TASK BRIEF: With pictures omitted, the line containing "Grey Cotton Weaving Saree" and all later lines of the records below are to be restated word for word.

Image-caption web data

====

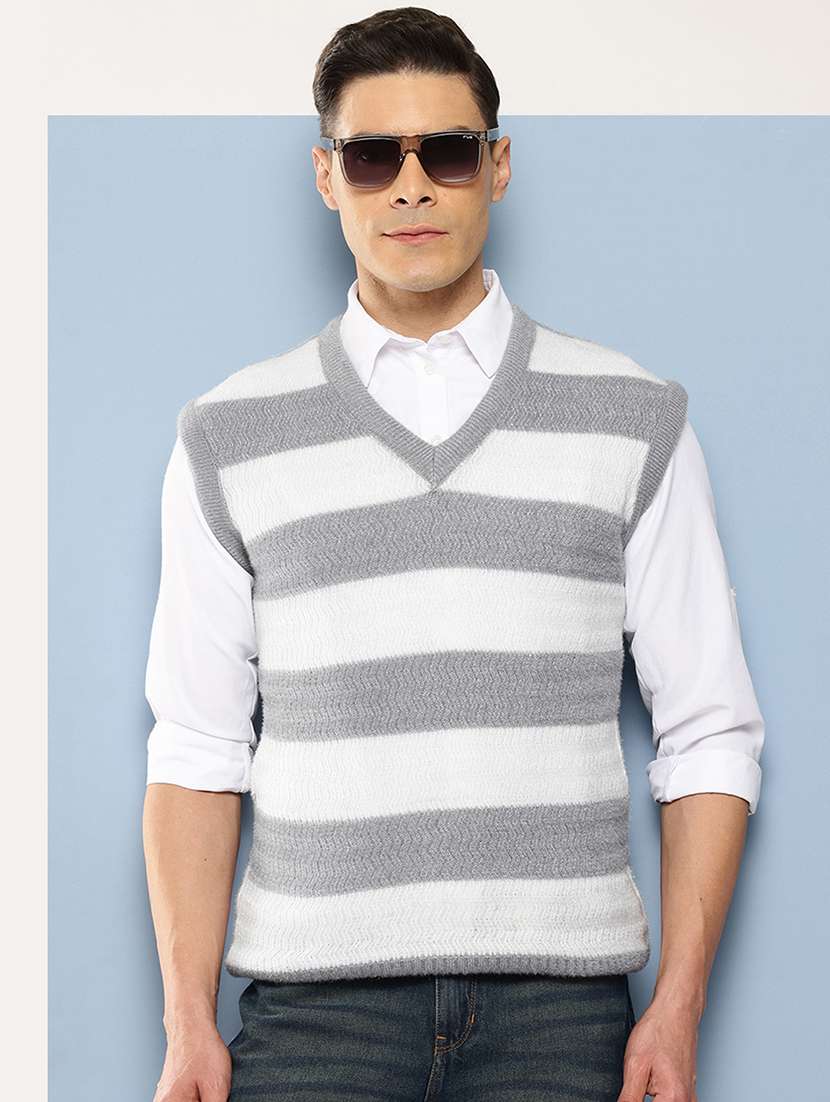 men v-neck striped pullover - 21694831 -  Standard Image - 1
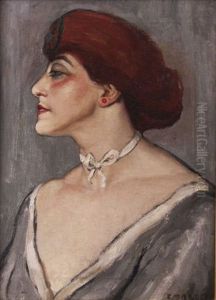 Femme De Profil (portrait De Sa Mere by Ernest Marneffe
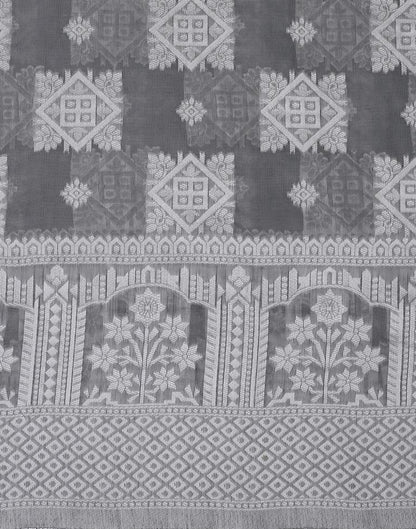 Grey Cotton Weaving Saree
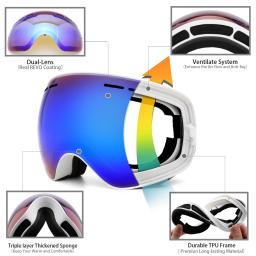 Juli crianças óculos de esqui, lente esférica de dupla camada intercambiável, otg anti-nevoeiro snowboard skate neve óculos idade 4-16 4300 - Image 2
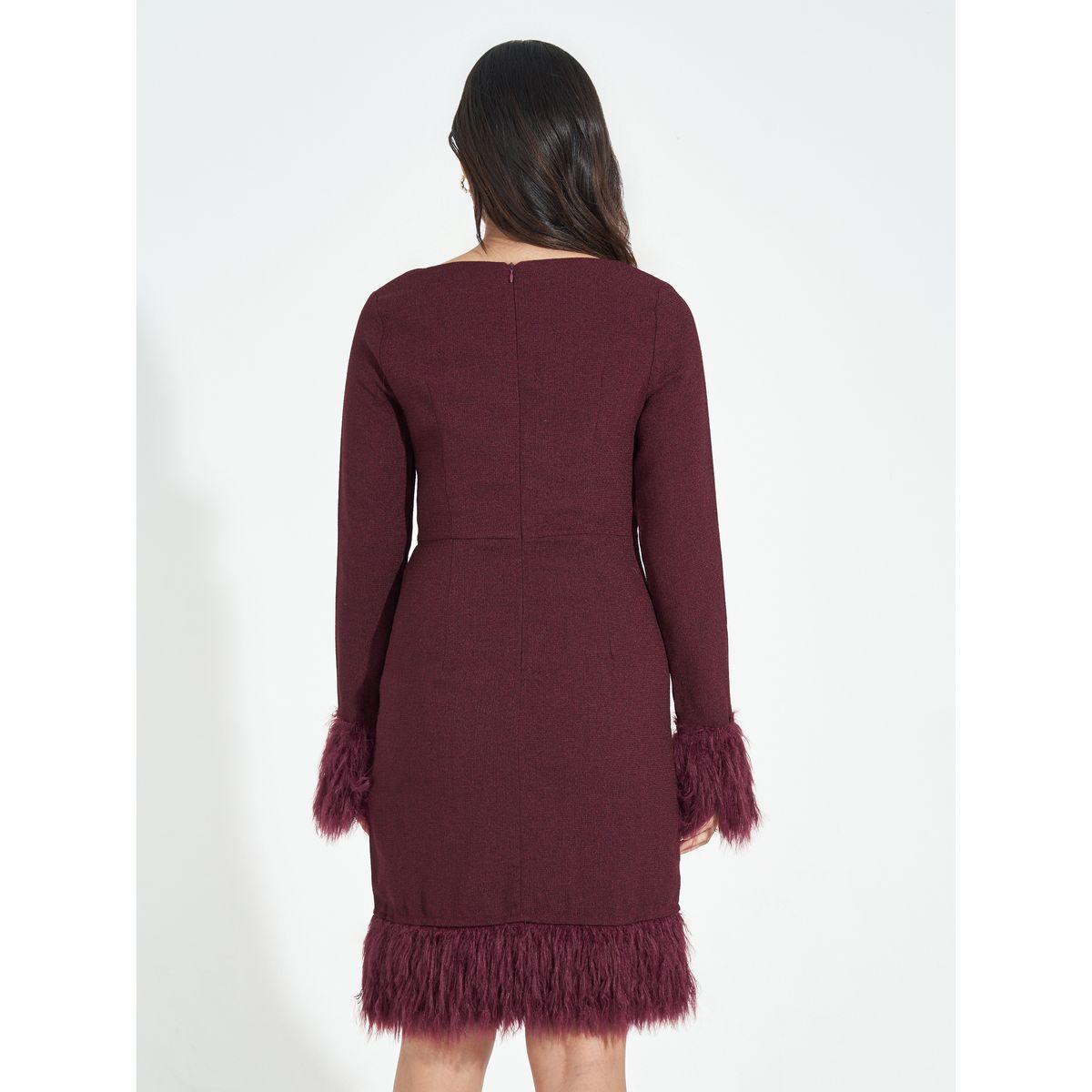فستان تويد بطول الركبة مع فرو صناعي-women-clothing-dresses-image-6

====

ANSWER:
 Grey Cotton Weaving Saree
 Juli crianças óculos de esqui, lente esférica de dupla camada intercambiável, otg anti-nevoeiro snowboard skate neve óculos idade 4-16 4300 - Image 2
فستان تويد بطول الركبة مع فرو صناعي-women-clothing-dresses-image-6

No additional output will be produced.